Exploring Reliable PPG Authentication on Smartwatches in Daily Scenarios
Jiankai Tang, Jiacheng Liu, Renling Tong, Kai Zhu, Zhe Li, Xin Yi, Junliang Xing, Yuanchun Shi, Yuntao Wang
TL;DR
The paper tackles the challenge of reliable, low-power PPG-based authentication on smartwatches in daily life, where motion and physiological variability degrade performance. It introduces MTL-RAPID, a compact multi-task model that jointly evaluates waveform quality and performs identity verification through the RAPID architecture, achieving state-of-the-art AUCs up to 99.2% and EER as low as 3.5% under challenging conditions.
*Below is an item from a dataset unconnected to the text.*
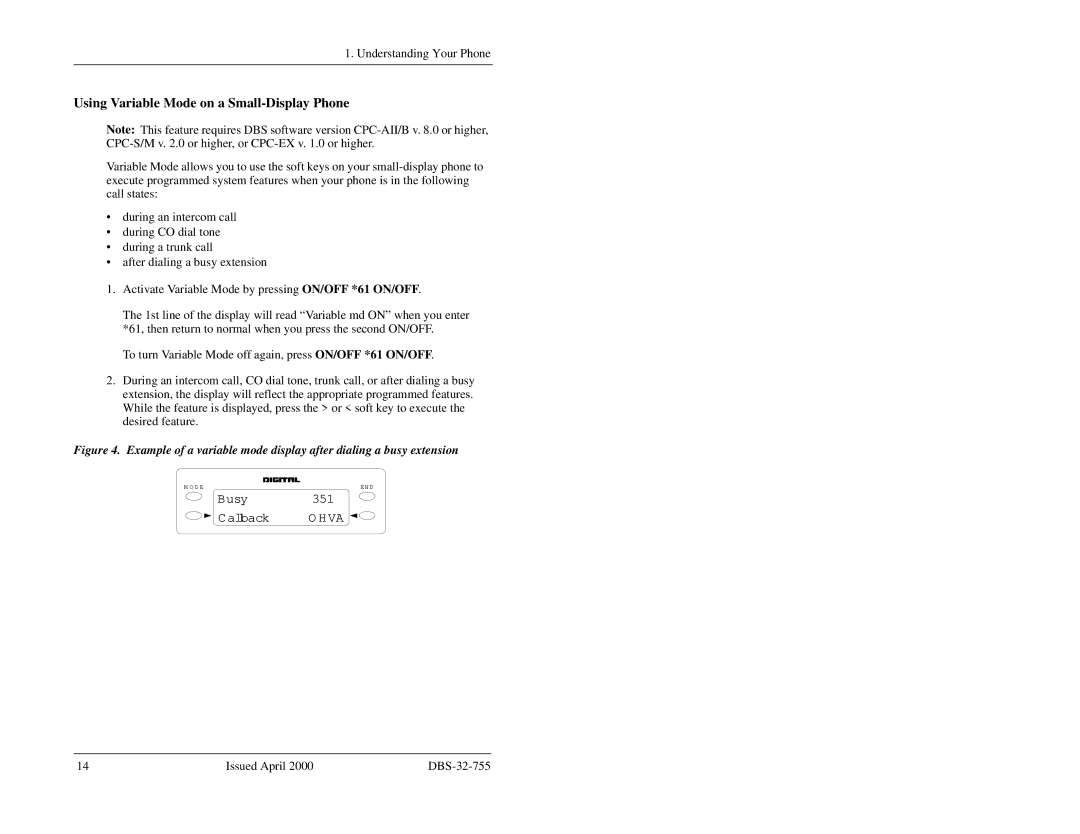 Panasonic 44-Series manual Using Variable Mode on a Small-Display Phone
The authors validate the approach across daily, cross-day, and usability studies, demonstrate efficiency with 80k parameters and sub-2 ms inference, and open-source a comprehensive wrist-PGG dataset (ANT) to foster reproducible research. The work highlights the potential for unobtrusive, secure smartwatch authentication while outlining future directions like adaptive learning and multi-modal fusion to further address long-term variability.
Abstract
Photoplethysmography (PPG) Sensors, widely deployed in smartwatches, offer a simple and non-invasive authentication approach for daily use. However, PPG authentication faces reliability issues due to motion artifacts from physical activity and physiological variability over time. To address these challenges, we propose MTL-RAPID, an efficient and reliable PPG authentication model, that employs a multitask joint training strategy, simultaneously assessing signal quality and verifying user identity. The joint optimization of these two tasks in MTL-RAPID results in a structure that outperforms models trained on individual tasks separately, achieving stronger performance with fewer parameters. In our comprehensive user studies regarding motion artifacts (N = 30), time variations (N = 32), and user preferences (N = 16), MTL-RAPID achieves a best AUC of 99.2\% and an EER of 3.5\%, outperforming existing baselines. We opensource our PPG authentication dataset along with the MTL-RAPID model to facilitate future research on GitHub.